The problem:
Below are records; reproduce exactly the lines from the one that has "Rosie's Drinks Trolley - ipse ipsa ipsum" through the one that has "LaCabine Anti-Imperfections Facial", ends included, and nothing more.

Supplied data:
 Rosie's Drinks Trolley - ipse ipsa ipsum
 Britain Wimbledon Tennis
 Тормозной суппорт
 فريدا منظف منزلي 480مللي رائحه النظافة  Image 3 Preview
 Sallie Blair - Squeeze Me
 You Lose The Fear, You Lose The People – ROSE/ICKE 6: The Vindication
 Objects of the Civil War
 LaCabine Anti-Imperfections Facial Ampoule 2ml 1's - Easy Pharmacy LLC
--
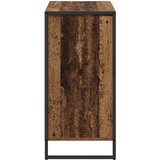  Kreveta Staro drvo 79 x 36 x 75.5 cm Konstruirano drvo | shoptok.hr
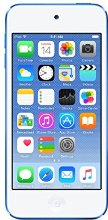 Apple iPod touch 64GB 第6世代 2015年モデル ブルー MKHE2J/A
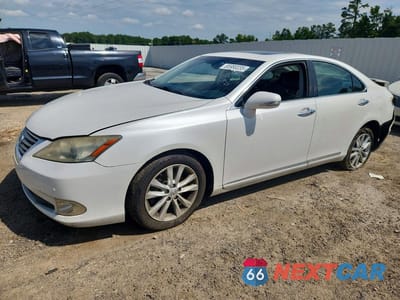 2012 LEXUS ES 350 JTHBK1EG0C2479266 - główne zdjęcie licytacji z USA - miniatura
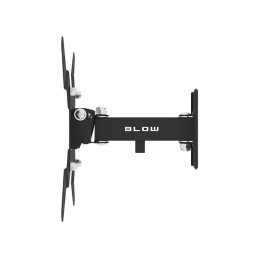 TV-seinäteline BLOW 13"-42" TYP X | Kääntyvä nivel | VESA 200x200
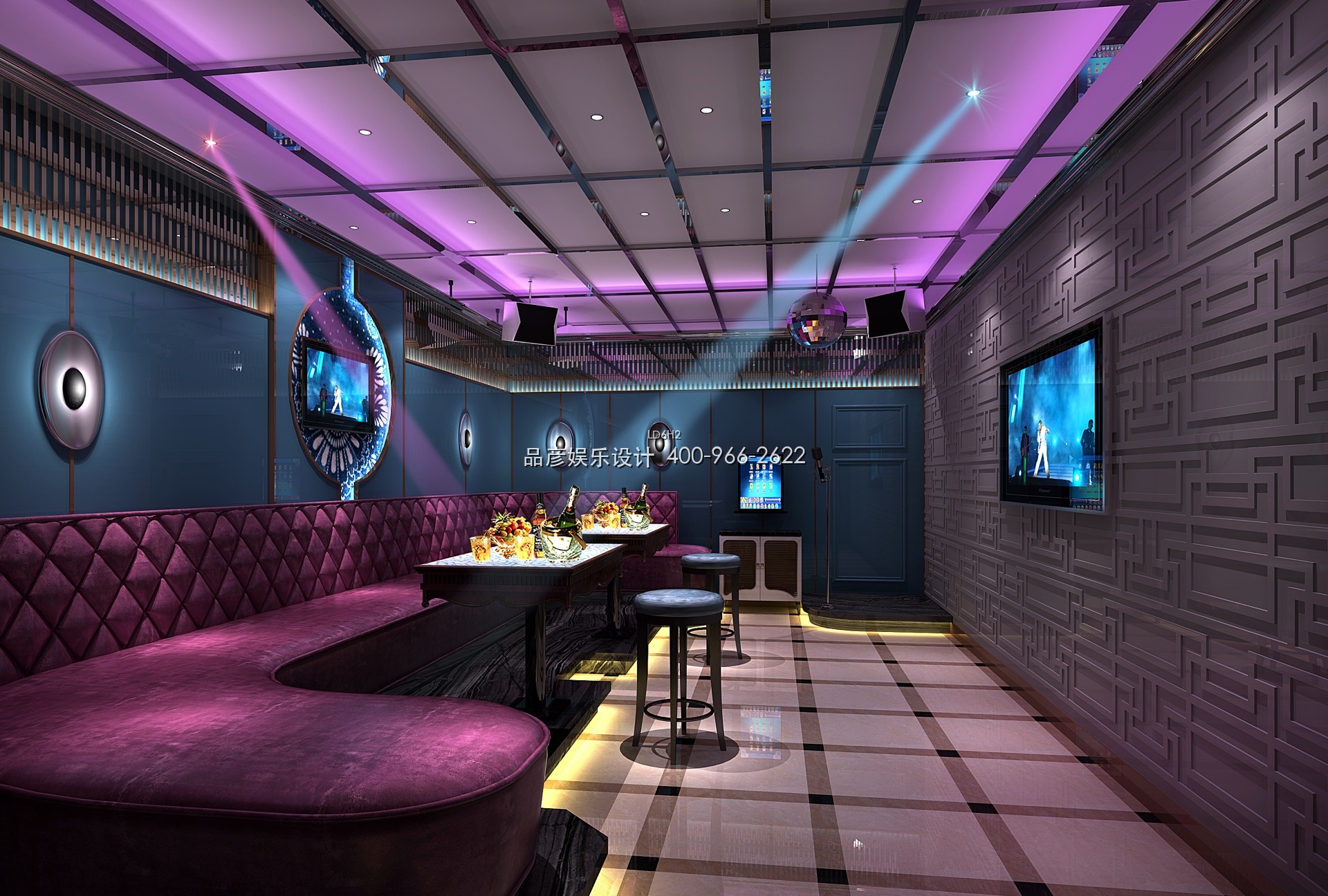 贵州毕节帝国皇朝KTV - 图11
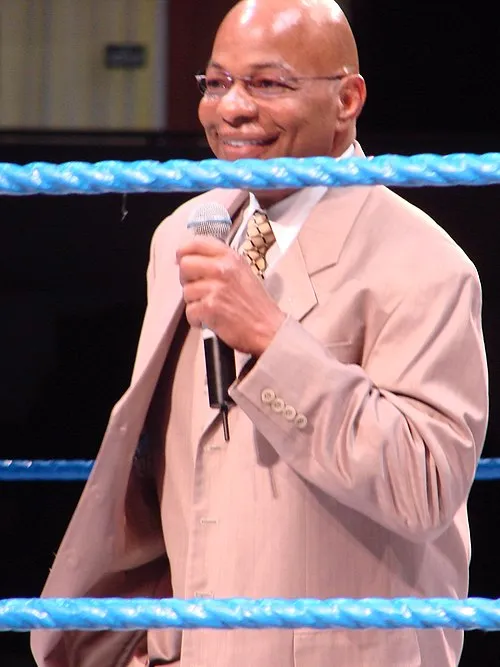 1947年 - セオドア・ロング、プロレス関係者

Written answer:
 Rosie's Drinks Trolley - ipse ipsa ipsum
 Britain Wimbledon Tennis
 Тормозной суппорт
 فريدا منظف منزلي 480مللي رائحه النظافة  Image 3 Preview
 Sallie Blair - Squeeze Me
 You Lose The Fear, You Lose The People – ROSE/ICKE 6: The Vindication
 Objects of the Civil War
 LaCabine Anti-Imperfections Facial Ampoule 2ml 1's - Easy Pharmacy LLC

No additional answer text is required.